Most patients expect examination and explanation of their symptoms, rather than antibiotics [32, 34,35,36]. On the other hand, doctors often feel a certain AB prescription pressure exerted by the patient [19]. Fostering doctor-patient communication is an effective strategy to address this dilemma [37]. However, in Germany, a GP has an average of 8 min per patient [38] and, therefore, needs a time-effective tool. To address these needs, we developed information prescriptions, similar to ´viral prescription pads´ used in Northern America [39]. Internationally, such tools have already shown positive effects on the reduction of unnecessary antibiotics [22]. Furthermore, they correspond with the participatory approach in primary care, by increasing health competence of patients.

Printed information prescriptions were by far the most-used tool from our set. They were used twice as often as the digital version and more frequently in everyday work. Overall, half of those who used printed IPs also used digital versions, but only one person used digital IPs exclusively. Thus, in our responder cohort, digital IPs were a complement rather than a substitute for the printed versions. Printed IPs were short and ‘ready to use’, while the online platform provided a larger variety of content, with a broad choice of symptoms, handling instructions in several languages and the requirement of basic technical equipment (internet access), logging in, identification of relevant information for the patient, and printing. Hence, one could imagine that the printed versions were used preferentially for ‘standard’ patients and the digital content for patients that are more ‘complex’. However, what we can learn from this is that a considerable proportion of our cohort is not limited to digital or analogue procedures in their offices, but uses a combination of the two. Important for software developers is the finding that 31 of the 44 respondents who used the digital IP wanted it to be integrated with their medical software. Digital IPs were used more frequently by men than by women, which points towards different physician preferences and emphasizes the importance of diversity in intervention tools.

Overall, information prescriptions were used by 80% (n = 85) of respondents, of whom 40% (n = 43) used both types; this was possibly also due to different preferences of different patients.

The better-informed patients are, then the better they cooperate [40, 41]. Waiting room patient leaflet and posters were frequently used. By addressing patients before consultation, they served as preparation and, thereby, supported doctor-patient communication.

Apart from the GP self-monitoring app, all tools were well-accepted and respondents used them in a variety of combinations. Over half the respondents stated “participation in the study” itself had a “strong” or “very strong” influence on their individual prescribing behaviour.
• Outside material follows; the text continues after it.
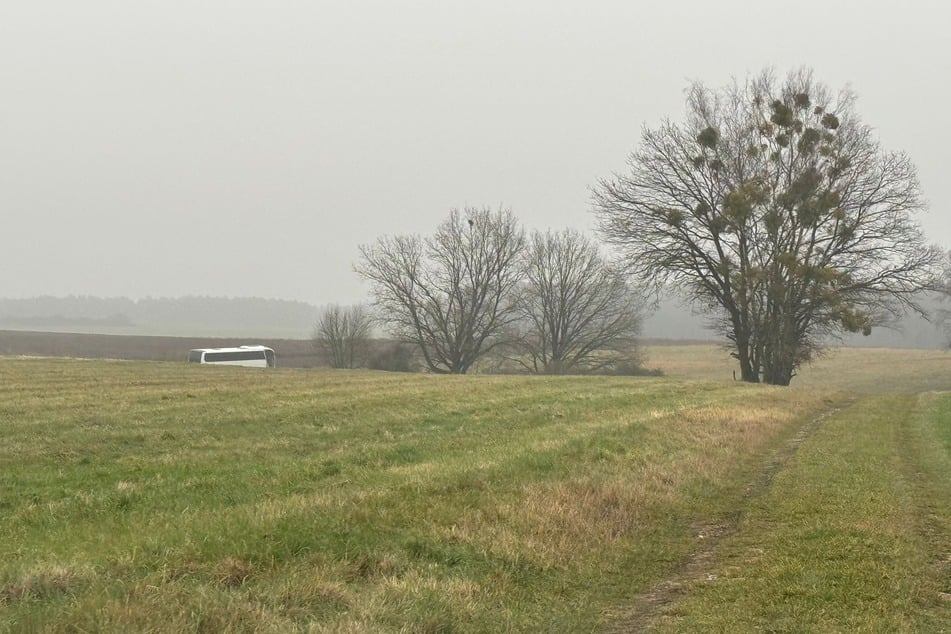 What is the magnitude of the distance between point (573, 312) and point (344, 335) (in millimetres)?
21554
These findings suggest that the overall concept of a multimodal intervention (“tool box”), rather than a single tool, was convincing.

Limitations

  1. 1.

    The sample of participants in the study, and hence the respondents, might be GPs who are already aware of the subject and make rational decisions about antibiotic use (self-selection bias).

  2. 2.

    Respondents might have given socially desirable answers.

  3. 3.

    The project was located in Eastern Germany, where there are lower antibiotic prescribing rates for systemic antibiotics in the outpatient setting, compared to Western Germany [42]. Therefore, the level of study participants’ room for improvement could be lower than in Western Germany.

  4. 4.

    As a subjective parameter, self-reported change of antibiotic prescribing behaviour is of limited value in describing the impact of intervention tools. Analysis of the effect on prescription data is pending.

Conclusions

A tailored intervention with six different tools was developed and evaluated. The high acceptance and use of several, but rarely all, tools shows that a multimodal concept makes sense. Training and educational concepts should be further developed and disseminated. Waiting room information is a useful addition. Future app developments should be preceded by an analysis of the technical prerequisites of the target group.

In principle, analogue and digital measures can be applied in primary care interventions. At present, however, a combination of the two is advisable in Germany.